▶ **PROBLEM DESCRIPTION**:
The answer must consist of every line from the entries below that contains the word "Dress".

▶ **ENTRIES PROVIDED**:
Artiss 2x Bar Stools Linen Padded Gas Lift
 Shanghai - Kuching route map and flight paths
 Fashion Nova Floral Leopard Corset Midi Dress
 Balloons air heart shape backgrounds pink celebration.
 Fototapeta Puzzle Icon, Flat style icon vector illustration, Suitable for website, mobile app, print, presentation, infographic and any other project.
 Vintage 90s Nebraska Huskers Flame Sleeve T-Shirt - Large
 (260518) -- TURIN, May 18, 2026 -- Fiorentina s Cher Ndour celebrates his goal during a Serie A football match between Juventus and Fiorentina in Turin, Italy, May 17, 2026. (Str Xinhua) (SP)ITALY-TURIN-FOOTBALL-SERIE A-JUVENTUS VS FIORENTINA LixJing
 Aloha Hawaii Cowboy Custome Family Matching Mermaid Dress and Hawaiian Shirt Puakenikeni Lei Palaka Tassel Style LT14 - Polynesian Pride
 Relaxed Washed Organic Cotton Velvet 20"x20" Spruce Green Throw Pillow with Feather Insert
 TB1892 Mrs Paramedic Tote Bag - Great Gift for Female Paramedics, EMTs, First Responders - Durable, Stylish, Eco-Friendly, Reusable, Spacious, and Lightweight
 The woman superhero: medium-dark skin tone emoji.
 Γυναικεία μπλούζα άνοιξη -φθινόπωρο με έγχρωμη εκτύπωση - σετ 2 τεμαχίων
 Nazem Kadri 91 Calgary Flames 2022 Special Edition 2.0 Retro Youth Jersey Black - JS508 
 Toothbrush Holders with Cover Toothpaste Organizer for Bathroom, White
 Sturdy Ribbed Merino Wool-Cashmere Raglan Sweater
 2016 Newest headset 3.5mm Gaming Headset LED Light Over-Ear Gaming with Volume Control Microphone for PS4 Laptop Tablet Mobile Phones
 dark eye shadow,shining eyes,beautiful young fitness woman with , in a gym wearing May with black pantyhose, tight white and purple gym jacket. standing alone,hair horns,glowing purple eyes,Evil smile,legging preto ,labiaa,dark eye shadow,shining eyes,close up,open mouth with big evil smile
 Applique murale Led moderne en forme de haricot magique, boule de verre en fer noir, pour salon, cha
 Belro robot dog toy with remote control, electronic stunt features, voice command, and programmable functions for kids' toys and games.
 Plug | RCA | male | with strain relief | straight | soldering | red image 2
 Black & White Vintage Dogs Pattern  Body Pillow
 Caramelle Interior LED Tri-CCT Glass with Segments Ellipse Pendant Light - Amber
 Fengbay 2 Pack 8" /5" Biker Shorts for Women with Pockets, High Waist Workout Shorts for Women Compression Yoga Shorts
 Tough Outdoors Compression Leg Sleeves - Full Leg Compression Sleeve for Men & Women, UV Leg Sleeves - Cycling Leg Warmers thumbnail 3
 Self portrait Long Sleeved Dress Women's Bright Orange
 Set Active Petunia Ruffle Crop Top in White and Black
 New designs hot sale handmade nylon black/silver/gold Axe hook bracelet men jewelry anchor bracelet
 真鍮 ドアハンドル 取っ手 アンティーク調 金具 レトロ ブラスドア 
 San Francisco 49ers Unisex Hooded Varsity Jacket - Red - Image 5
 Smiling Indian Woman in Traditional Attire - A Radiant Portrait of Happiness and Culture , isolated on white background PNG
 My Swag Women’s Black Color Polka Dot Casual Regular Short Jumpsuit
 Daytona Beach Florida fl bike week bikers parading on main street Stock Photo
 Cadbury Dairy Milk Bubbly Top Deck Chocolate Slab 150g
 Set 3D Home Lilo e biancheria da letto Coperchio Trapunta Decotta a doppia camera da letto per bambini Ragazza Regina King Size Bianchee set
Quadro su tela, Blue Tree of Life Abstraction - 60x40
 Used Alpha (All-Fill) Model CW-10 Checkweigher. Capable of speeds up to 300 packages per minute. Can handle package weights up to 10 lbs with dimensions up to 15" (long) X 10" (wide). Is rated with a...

▶ **REPLY TO THE TASK**:
 Fashion Nova Floral Leopard Corset Midi Dress
 Aloha Hawaii Cowboy Custome Family Matching Mermaid Dress and Hawaiian Shirt Puakenikeni Lei Palaka Tassel Style LT14 - Polynesian Pride
 Self portrait Long Sleeved Dress Women's Bright Orange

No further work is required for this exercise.